La historia no es un museo de fechas ni un listado de próceres de mármol. Es una conversación entre generaciones. Y si uno escucha con atención, los ecos del pasado todavía tienen algo para decirnos. A principios del siglo XX, este país recibió millones de inmigrantes que venían a “hacerse la América”, y aquí lo lograban. No por magia, sino porque había un pacto invisible: quien trabajaba y se esforzaba podía progresar. Ese pacto hoy parece roto. No porque la gente haya perdido las ganas, sino porque muchos ya no creen que el esfuerzo tenga recompensa.

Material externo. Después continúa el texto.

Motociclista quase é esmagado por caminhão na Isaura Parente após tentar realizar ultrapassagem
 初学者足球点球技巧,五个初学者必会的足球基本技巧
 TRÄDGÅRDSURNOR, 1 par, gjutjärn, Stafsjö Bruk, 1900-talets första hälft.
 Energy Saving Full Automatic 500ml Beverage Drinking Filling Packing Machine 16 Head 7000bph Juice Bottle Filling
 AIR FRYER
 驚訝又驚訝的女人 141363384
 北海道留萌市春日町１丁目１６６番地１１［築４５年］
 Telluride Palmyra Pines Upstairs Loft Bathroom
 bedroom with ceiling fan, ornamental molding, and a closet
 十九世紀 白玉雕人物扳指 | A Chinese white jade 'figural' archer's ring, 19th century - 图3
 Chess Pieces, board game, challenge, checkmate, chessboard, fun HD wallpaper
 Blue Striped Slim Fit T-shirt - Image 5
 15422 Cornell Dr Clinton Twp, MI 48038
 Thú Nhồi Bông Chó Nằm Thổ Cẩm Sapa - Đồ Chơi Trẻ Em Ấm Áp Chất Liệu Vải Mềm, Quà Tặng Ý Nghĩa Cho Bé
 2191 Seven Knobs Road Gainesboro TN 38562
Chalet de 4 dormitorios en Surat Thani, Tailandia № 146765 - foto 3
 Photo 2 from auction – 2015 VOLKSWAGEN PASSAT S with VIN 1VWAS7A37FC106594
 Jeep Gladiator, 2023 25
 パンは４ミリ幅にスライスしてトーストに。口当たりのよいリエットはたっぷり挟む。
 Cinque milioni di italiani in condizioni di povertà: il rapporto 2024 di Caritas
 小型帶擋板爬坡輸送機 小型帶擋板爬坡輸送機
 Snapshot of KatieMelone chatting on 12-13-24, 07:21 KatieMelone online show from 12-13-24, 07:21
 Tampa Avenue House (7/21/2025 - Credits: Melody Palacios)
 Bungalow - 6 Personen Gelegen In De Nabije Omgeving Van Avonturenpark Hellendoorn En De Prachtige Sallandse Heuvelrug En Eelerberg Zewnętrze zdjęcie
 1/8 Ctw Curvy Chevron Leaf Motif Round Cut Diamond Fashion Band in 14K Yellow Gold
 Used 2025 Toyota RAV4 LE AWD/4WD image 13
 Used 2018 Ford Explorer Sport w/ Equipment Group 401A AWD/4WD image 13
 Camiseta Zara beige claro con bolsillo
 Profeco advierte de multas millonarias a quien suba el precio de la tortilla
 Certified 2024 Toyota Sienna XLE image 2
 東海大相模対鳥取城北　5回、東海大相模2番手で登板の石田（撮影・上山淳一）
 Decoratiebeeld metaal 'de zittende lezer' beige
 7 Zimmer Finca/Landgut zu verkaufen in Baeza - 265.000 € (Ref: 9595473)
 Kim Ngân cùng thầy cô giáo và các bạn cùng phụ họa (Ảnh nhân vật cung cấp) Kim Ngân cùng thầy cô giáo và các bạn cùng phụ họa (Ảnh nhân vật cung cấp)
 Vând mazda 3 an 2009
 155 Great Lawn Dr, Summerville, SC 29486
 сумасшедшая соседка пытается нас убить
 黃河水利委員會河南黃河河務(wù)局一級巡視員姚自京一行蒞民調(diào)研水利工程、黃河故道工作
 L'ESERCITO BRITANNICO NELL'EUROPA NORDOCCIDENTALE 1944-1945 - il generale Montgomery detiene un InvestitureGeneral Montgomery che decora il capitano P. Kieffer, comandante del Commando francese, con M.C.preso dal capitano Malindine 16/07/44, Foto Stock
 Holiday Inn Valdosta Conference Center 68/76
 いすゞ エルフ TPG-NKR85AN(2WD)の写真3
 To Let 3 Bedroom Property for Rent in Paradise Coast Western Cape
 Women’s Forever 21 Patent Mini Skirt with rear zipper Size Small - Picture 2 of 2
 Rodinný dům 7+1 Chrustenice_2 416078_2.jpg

Las grietas más profundas no siempre son políticas: a veces son emocionales. La desconfianza se ha vuelto norma, el cinismo un escudo. Nos cuesta creer en el otro, en las instituciones, en las palabras. Hemos perdido algo esencial: la capacidad de proyectar a largo plazo. Vivimos como si el futuro fuera una amenaza, no una promesa. Y sin esa proyección —que es el alma del progreso— nos convertimos en sobrevivientes, no en ciudadanos.
Pero incluso en medio del desencanto, hay señales. En las aulas, donde un maestro se empeña en formar, aunque falten recursos. En los barrios, donde la solidaridad sigue siendo el músculo secreto de la convivencia. En las familias, que resisten, aunque la rutina duela. Hay algo en este pueblo que se niega a caer del todo. No es mística: es identidad. Y esa identidad, aunque herida, sigue viva.
Por eso vale la pena insistir. No con consignas vacías, sino con memoria activa. No con nostalgia estéril, sino con compromiso real. La Argentina no necesita que la salven: necesita reencontrarse. Y eso empieza por cada uno de nosotros, con un gesto diario de dignidad, con una mirada menos hostil, con una pregunta menos cínica y una respuesta más generosa. A veces, volver a ser grandes es simplemente volver a ser buenos.